Carbamazepine (Tegretol) can cause a rare life-threatening reaction called Stevens-Johnson Syndrome (Toxic Epidermal Necrolysis), but it's mostly limited to individuals with a specific Human Leukocyte Antigen (HLA-B*1502). Again, known for quite a while and a part of the basic biology of the drug.
It's a fairly well-written article, but it's kind of breathless about stuff that I was really excited about back in the '90's when my medical school teachers were really excited about it too. The best news is that the FDA has really stepped up in the past few years to make this actionable data that a practicing clinician can use.
I'm not going to argue about the mysterious information you have, since you don't go into details on it, but as the author of the article, I should tell you that it's part of the "O'Reilly Insights" series, not a straightline Forbes piece, and I very much was writing it from the perspective of "here's a significant piece of medical advancement that will affect us as individuals, and is also going to make drastic changes in the pharma industry.
You say that there aren't enough drugs that genetic variance makes a difference in, and it's all a big scam to get people's data.

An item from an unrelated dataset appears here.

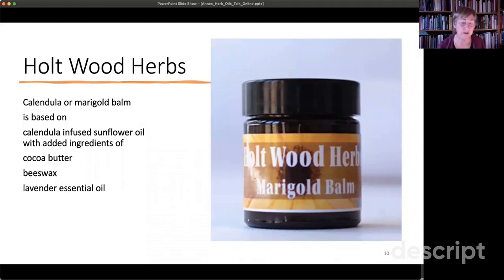Once you've got a calendula-infused oil, you can do a lot of other things. At Holtwood we used it mainly to make a marigold balm — I'll give a balm recipe shortly. Essentially, the balm is a thicker mixture containing something like cocoa butter or shea butter, beeswax (and there are vegan alternatives), and a few drops of an essential oil to help act as an antioxidant. These recipes will work for most other plants.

Personally, I think that major differences in the effectiveness of the leading breast cancer drug, and huge variance in the uptake of the most commonly prescribed blood thinner, are pretty significant, and I'm damn glad I know that I overmetabolize Coumadin, because I could very well be in an ER with a stroke some day.
We're just in the very earliest stages of looking at how genetic variation affects medicine, and once we start to build a larger database of fully sequenced individuals, I'm sure we'll find more and more cases of genome-influenced variability.
And for the record, I'm an applicant to the Personal Genome Project, which is about as public a distribution of genomic information as you can get, so I am certainly putting my money where my mouth is as far as choosing the benefits of greater knowledge over the fear of discrimination.